*** Block opens ***

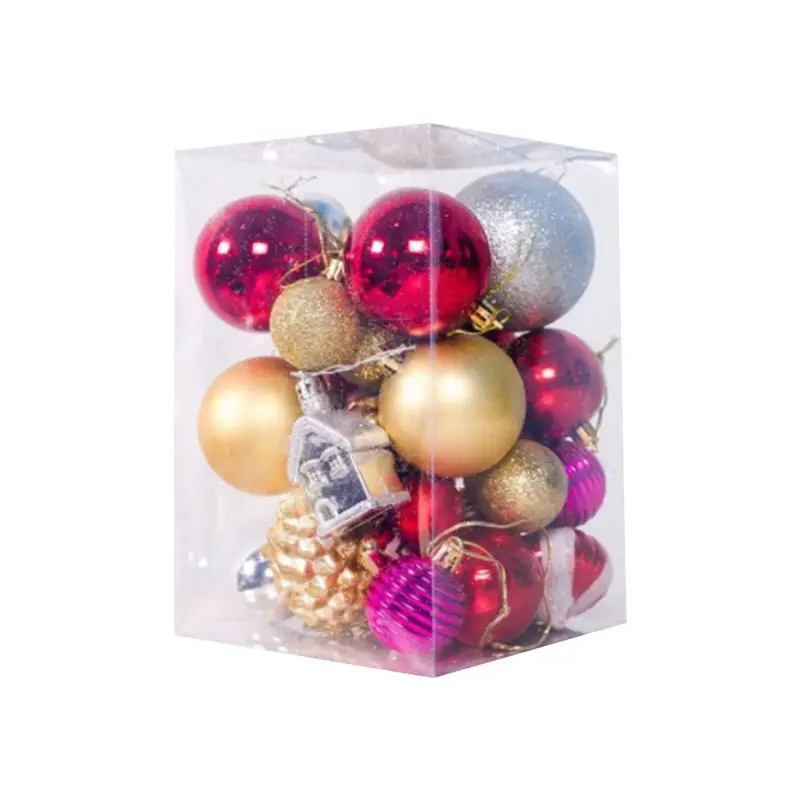 

2020 New Christmas Balls Xmas Tree Decoration Hanging Ornament Home Decoration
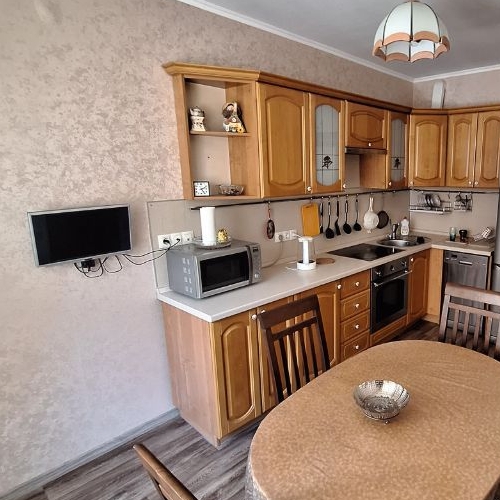 2-комн квартира проспект Просвещения, 33к1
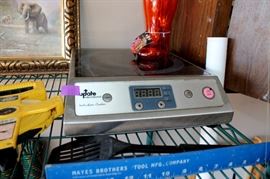 Update induction cooktop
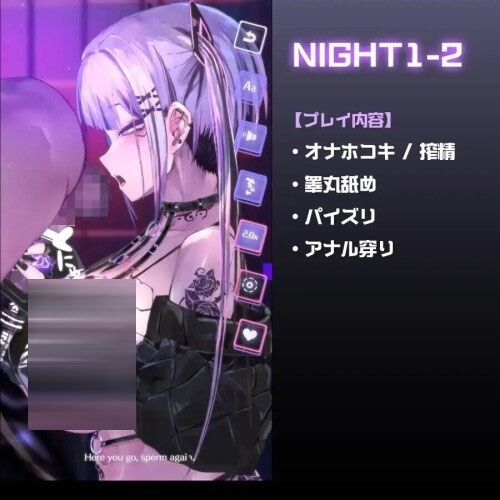 CyberBondage -笼中的她- +动画 【2.4G】【SLG/动态/CV/PC+安卓】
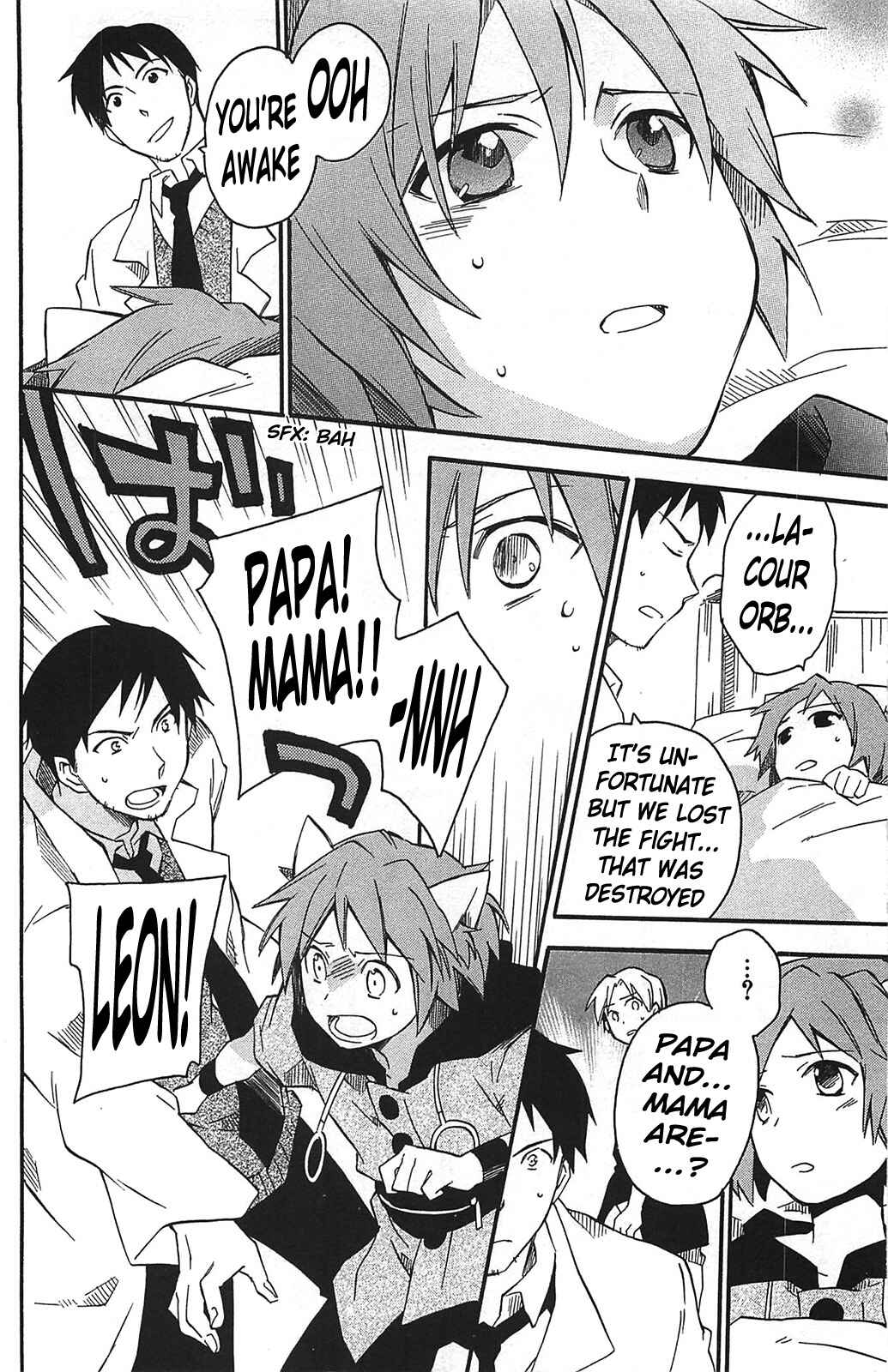 Page 13 Chapter 10 Star Ocean 2: Second Evolution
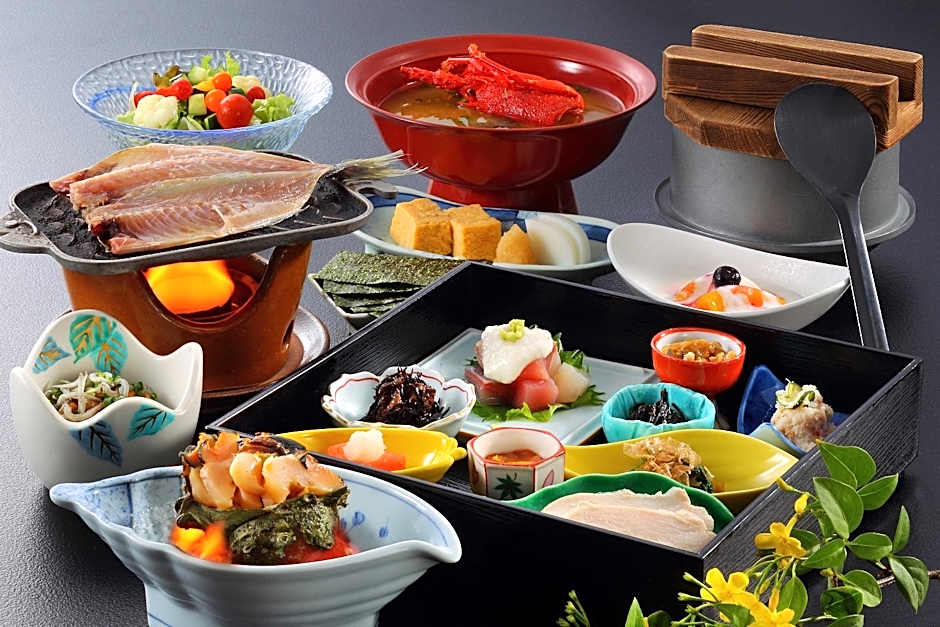 Ryokan Chikurakan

*** Block closes ***

* INSTRUCTIONS FOR THE TASK:
Copy, without the pictures, exactly the lines from the line with "CyberBondage -笼中的她- +动画" through the end of the material above, both ends included.

* TASK OUTPUT:
 CyberBondage -笼中的她- +动画 【2.4G】【SLG/动态/CV/PC+安卓】
 Page 13 Chapter 10 Star Ocean 2: Second Evolution
 Ryokan Chikurakan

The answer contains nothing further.